Leg Workouts You Can Do at Home

Leg Workouts You Can Do at Home

Many famous celebs have long thin legs. Most of the women enjoy strong, firm and defined legs. If you are one among them, we bet on a good leg workout series with exercises that work the lower muscles more.

For those who do not like attending gyms and prefer to train at home, this is the article for them. It is possible to improvise and conquer shapely legs with strengthening exercises. It stimulates muscle groups of the legs and butt.

The following is a complete leg workout for you who loves to wear cooler and shorter outfits:

1. Squats (all types are an excellent workout of legs and buttocks )
  • Position: with the feet parallel, below the hip line
  • Execution: Leading the hip back and leaving the knees on the line of the toes.
  • Repeat: Perform 3 sets of 15 repetitions.
2. Open squatting
  • Position: Standing, legs apart a little beyond the hip line, with the tips of the feet facing outwards. Hands should be resting on the waist.
  • Execution: If sitting on a chair, until the thigh is parallel to the ground. Return to starting position.
  • Repeat: Perform 3 sets of 15 repetitions
3. Hip flexion
  • Position: standing with legs semi-extended and hands crossed in front of the chest.
  • Execution: Flex one leg up, forming a 90-degree angle with the hip line and the foot line. Keep your spine erect and, if necessary, support your hands on the wall.
  • Repetition: 3 sets of 10 repetitions with each leg
4. Four supports
  • Position: Support your knees and elbows on a mat. With your elbows aligned with your shoulders and knees with your hips.
  • Execution: Raise one leg, without stretching it, and make up and down movements.
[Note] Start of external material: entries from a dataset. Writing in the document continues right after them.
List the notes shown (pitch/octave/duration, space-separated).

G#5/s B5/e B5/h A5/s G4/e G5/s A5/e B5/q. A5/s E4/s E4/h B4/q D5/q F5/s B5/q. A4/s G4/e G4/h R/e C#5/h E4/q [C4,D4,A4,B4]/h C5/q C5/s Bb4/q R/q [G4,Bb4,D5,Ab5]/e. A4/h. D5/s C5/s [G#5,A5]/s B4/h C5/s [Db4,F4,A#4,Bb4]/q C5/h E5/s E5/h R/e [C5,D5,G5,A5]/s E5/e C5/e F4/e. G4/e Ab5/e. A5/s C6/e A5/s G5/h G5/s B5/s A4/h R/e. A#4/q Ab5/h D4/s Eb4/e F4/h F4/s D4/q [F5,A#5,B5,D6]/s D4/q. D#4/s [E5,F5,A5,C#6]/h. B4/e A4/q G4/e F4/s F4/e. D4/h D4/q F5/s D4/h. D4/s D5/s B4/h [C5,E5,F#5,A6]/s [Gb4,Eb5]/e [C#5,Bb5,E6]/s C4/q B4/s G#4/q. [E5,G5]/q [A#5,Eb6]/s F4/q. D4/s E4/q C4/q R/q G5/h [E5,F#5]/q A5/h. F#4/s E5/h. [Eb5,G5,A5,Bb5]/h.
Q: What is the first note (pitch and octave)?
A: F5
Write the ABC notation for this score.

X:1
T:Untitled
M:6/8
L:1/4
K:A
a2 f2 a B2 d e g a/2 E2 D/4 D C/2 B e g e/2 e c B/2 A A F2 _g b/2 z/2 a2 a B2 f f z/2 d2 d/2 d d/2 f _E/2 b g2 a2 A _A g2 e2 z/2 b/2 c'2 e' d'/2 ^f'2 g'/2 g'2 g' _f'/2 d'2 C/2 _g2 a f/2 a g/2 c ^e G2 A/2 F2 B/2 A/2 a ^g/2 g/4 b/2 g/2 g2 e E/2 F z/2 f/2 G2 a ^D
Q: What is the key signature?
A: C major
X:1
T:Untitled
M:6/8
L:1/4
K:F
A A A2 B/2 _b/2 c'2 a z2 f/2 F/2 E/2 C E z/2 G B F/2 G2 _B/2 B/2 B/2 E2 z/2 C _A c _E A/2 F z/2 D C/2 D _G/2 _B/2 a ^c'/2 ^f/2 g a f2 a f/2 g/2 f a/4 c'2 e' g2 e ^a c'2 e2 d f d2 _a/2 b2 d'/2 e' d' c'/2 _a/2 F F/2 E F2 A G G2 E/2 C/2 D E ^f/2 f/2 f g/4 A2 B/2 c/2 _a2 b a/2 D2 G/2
Remembering that the strength to lift the leg should come from the hips, and never from the spine.
  • Repetition: 3 sets of 10 repetitions with each leg
5. Bridge
  • This is also a great workout for legs and buttocks.
  • Position: Lie on your belly up on a thin mat or something similar, bend your knees and place flat feet on the ground.
  • Execution: Slowly lift the pelvis until you can make a straight bridge
  • Repetition: 3 sets of 10 repetitions with each leg
Attention:

It is imperative to perform warm-up exercises before beginning any training. This helps to stretch the muscles after finishing to avoid possible injuries.

So performing simple tasks at home can tone your legs. If you create a training routine and supplement it with proper nutrition..you will achieve your dream.